One of the things that would be really exciting, I think, is if we could generate sort of limitless speech material that we could use in our experiments. So whenever we're running an experiment now, we are limited by the databases we have. And in London we have some databases and we have sets of recordings, but it’s never exactly what we need. And sometimes, especially if you want to look at, say, an accent, perception of different accents or different dialects, then it would be useful if you had the same speaker speak different dialects or accents, right? So you can use what's known as a matched-guide design, where you have the same speaker speak two accents. And there are people like that who can speak two accents, but they're very rare. So it would be great if next time you run an experiment on accent perception, it would be great if you could use the same speaker speaking in French accent, but also maybe in a Spanish accent, or in Glaswegian accent, and then compare intelligibility of those accents across that speaker without having to use a different speaker. So, it will make a lot of things like that much easier.

 

I maybe have a very narrow view where I think about, okay, this is the kind of things I would do for accent perception and these are the barriers I've had before. But it would be good if we could also do things like maybe age your speaker and see how voices, if we can produce an older speaker and see how that again, affects intelligibility, but also maybe more social and sociolinguistic experiments. Like, you have the same speaker, you age the speaker and then you see, okay, do, say, stereotypical attitudes towards that speaker change?

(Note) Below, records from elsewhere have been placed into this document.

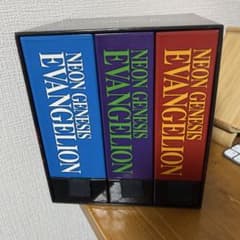 일 텔레 한정판 신세기 에반게리온 DVD BOX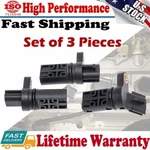 3X Camshaft / Crankshaft Position Sensor For 2002-2008 Infiniti & Nissan 3.5L V6. Fixed Price $22.80.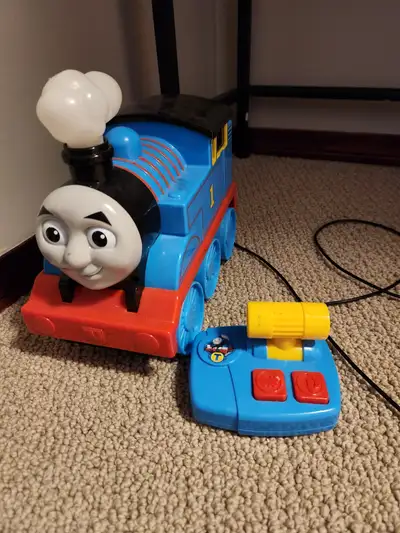 Our son loved driving this Thomas around but he has grown out of playing with it.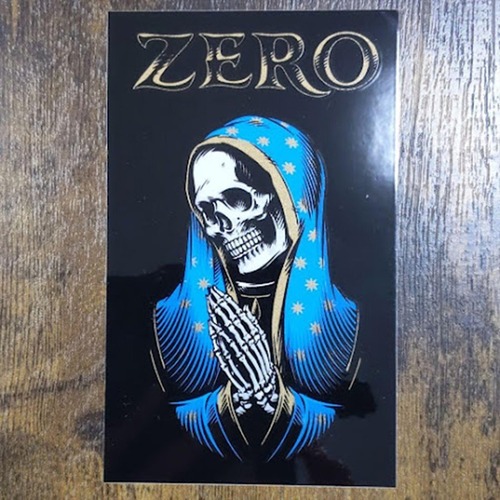 【ST-1076】Zero Skateboard sticker ゼロ スケートボード ステッカー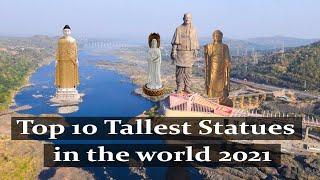 Top 10 Tallest Statues in the world | 2021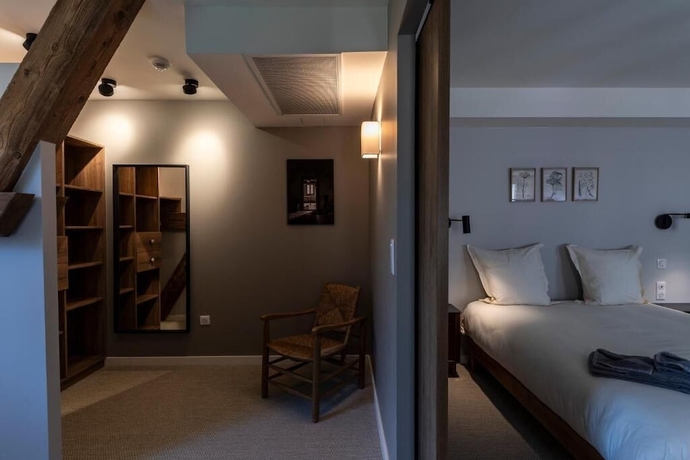 Imagen de la habitación del Hotel du Domaine Saint Loup. Foto 17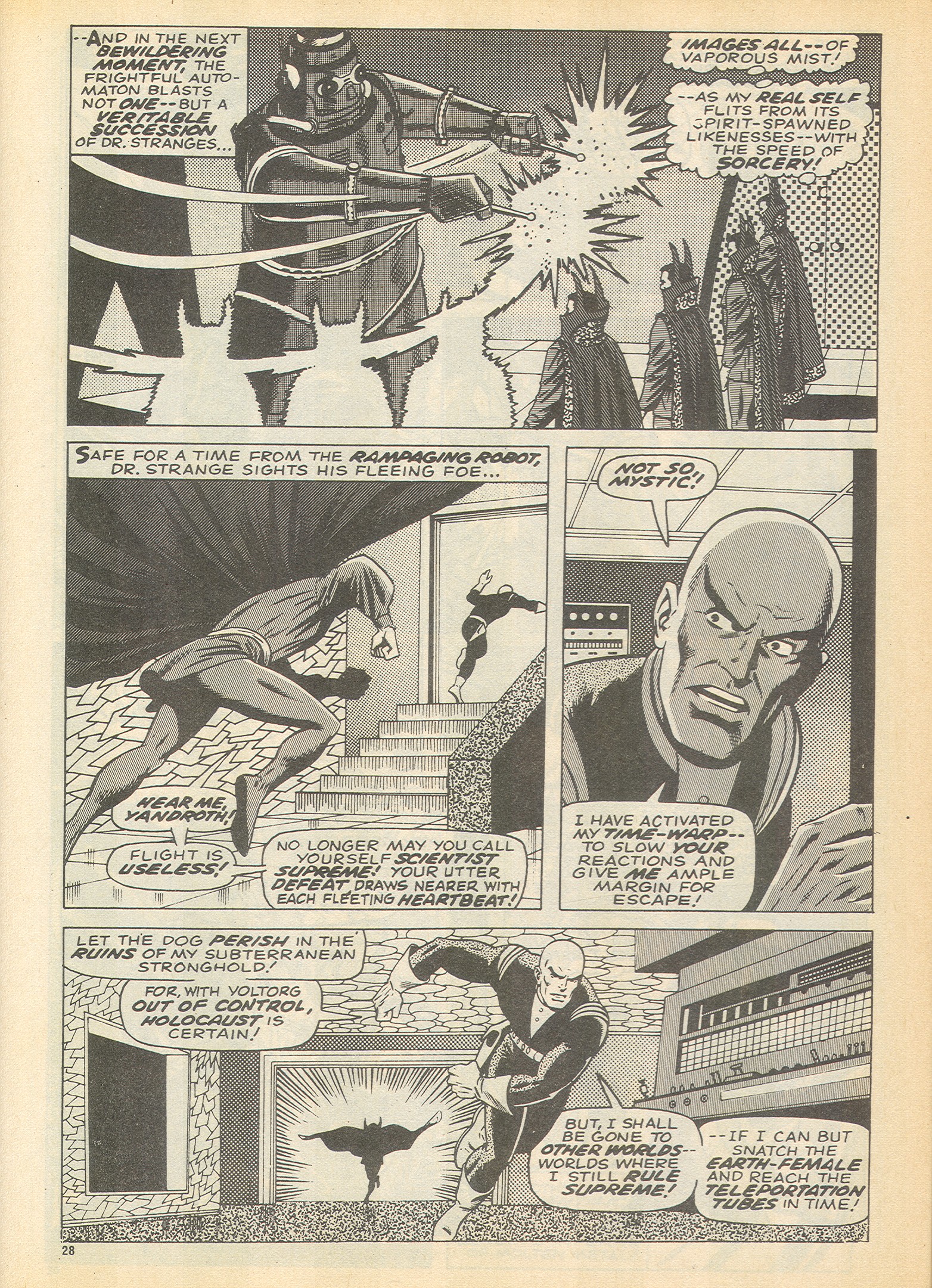 Read online The Avengers (1973) comic -  Issue #54 - 28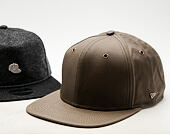 Kšiltovka New Era British Millerain Khaki 9FIFTY Strapback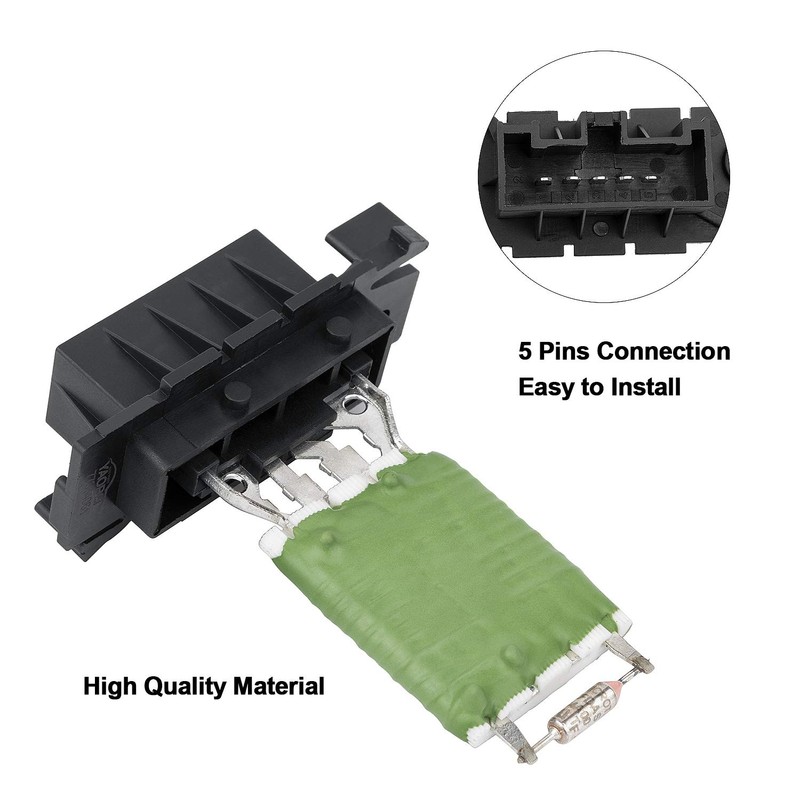 Yaopei 77364061 Blower Motor Resistor + Wiring Harness
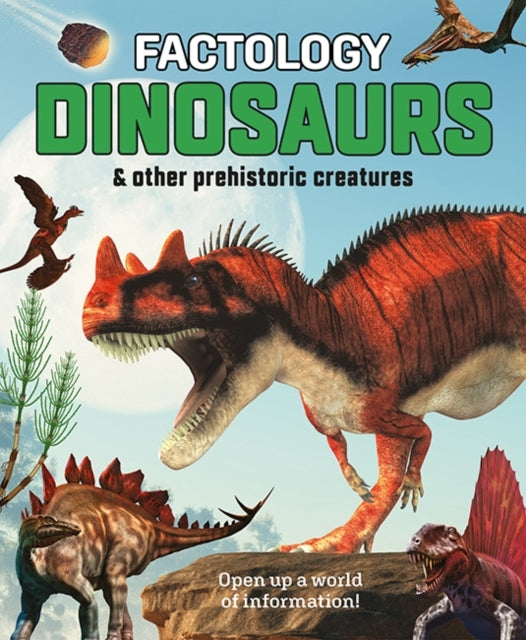 Factology Dinosaursopen Up A World Of Information!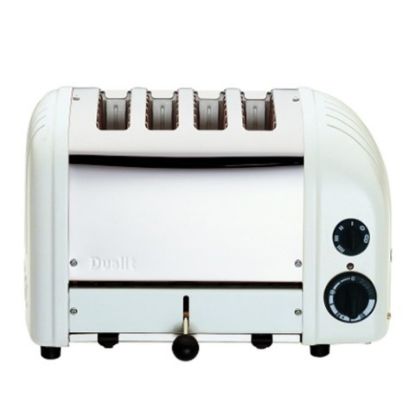 Picture of DUALIT CLASSIC 4 SLICE WHITE BREAD TOASTER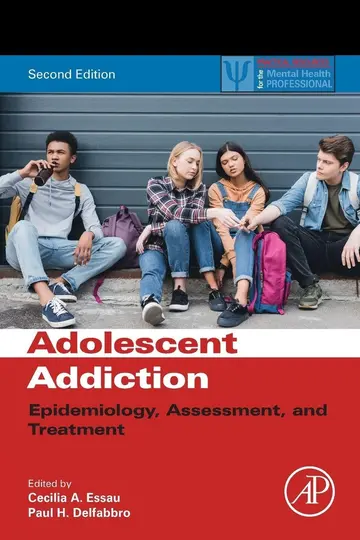 Cover of Adolescent Addiction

Right? So you can use that kind of thing as well. So you can make more psychological, ask more psychological questions as well, if you're more flexible, and what you can do with the voices. So those are the kind of options you can. Again, I haven't really thought this through too much. But I think just the capacity to generate never-ending speech samples would be great.

 

A final thing where cloned voices could be useful the field, especially in assistive technologies, is combining it with the finding that familiar voices are much more intelligible in challenging listening conditions. So, and I think I've already talked about this before, that one advantage of using clones is that you can clone familiar people to you. And maybe we can embed that in future technology, for instance, in personalized hearing tests or by calibrating a hearing aid using familiar cloned voices, or maybe even personalized therapy with voice avatars. I think there’s lots of really cool options that we can do and new avenues we can take in the field.

 

 

ASA Publications (28:08)

Well, it is exciting to think about some of the positive applications of voice cloning technology. And hopefully it will open new avenues for enhancing accessibility, or as you mentioned, you know, giving you more options for research methods. I really appreciate you taking the time to speak with me today, and I wish you the best of luck in your future research.

 

Patti (28:27)

Thank you, was great to talk to you. Really enjoyed it.